Flights from India should have been shut down weeks ago, not on Thursday. They have accounted for 20 per cent of air traffic volume to Canada but 50 per cent of all positive COVID-19 tests at the border, according to the Public Health Agency of Canada. And yet they were permitted to keep coming. Meantime, non-direct flights from India and Pakistan to Canada will still be allowed. That’s insane.

It’s also clear by now that whatever system was put in place by governments and the airlines to ensure passengers boarding planes don’t have COVID-19 is not working. Every day, planes touch down across the country with people aboard who are sick with the disease. I don’t know if they got on those flights with phony documents saying they were virus free or if they contracted COVID-19 after they were tested (people need to get tested 72 hours prior to boarding) or if the testing being done in some of these countries is insufficient. Doesn’t matter.

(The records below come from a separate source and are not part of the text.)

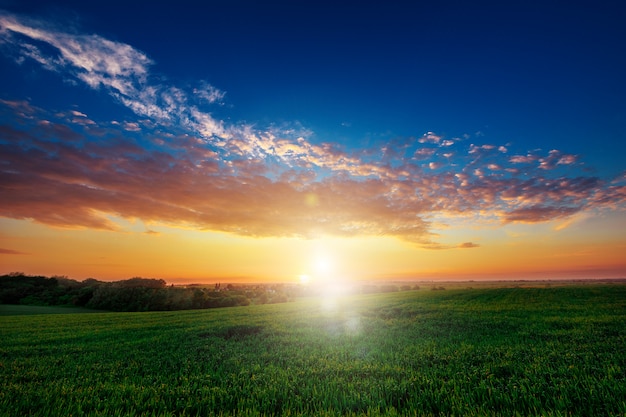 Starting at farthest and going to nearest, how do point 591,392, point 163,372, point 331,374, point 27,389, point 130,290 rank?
1. point 130,290
2. point 163,372
3. point 331,374
4. point 27,389
5. point 591,392

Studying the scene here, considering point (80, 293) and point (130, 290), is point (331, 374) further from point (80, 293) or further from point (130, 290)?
point (80, 293)

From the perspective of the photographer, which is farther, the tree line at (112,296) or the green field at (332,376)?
the tree line at (112,296)

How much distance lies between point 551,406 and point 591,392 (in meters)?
0.91

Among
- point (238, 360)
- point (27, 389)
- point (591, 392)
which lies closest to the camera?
point (591, 392)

The system is far from fool proof, which is why we need to be extra cautious when it comes to where planes are arriving from.

Then there is B.C.’s new “restrictions” when it comes to its neighbour, Alberta. While the virus is raging in both provinces, the B.C. government doesn’t want Albertans traveling to its province. So it has gently informed the fine people from Wild Rose Country not to come. There are even signs at the many border points between the two provinces that say: don’t come. Which is bound to scare the daylights out of any cowboy and his F-150 trying to cross into B.C., I’m sure.

B.C.’s Solicitor General Mike Farnworth said those Albertans who decide to come anyway will have to stay in the Interior of the province because of a provincial edict currently in place that restricts travel among the different health districts. You can imagine how that went over in places such as Kelowna.

Albertans who are possibly carrying COVID-19 can hang out in B.C.’s largest Interior city but don’t even attempt to go anywhere near Vancouver. Right. Gotcha.

Except there’s a workaround. There always is.

There is any number of flights, daily, that Albertans can hop on that will take them to Vancouver. On Saturday, for example, Westjet has six flights (in total) leaving Edmonton and Calgary for Vancouver and Air Canada has 15. But Minister, do make sure those blinking signs at the border telling people not to cross into B.C. have plenty of power.

This pandemic will end one day. We will once again be able to resume normal lives, although it may take all of us some time to believe it and truly feel free again. The virus has taken a toll on all of us individually and on society as a whole.

Yes, the virus will die out, and the case numbers will drop off to nothing, and death rates will flat line too. But we will be haunted by the knowledge that so much more could have been done that would have limited the damage.

If only our political leaders had the courage to do the right thing, at the right time.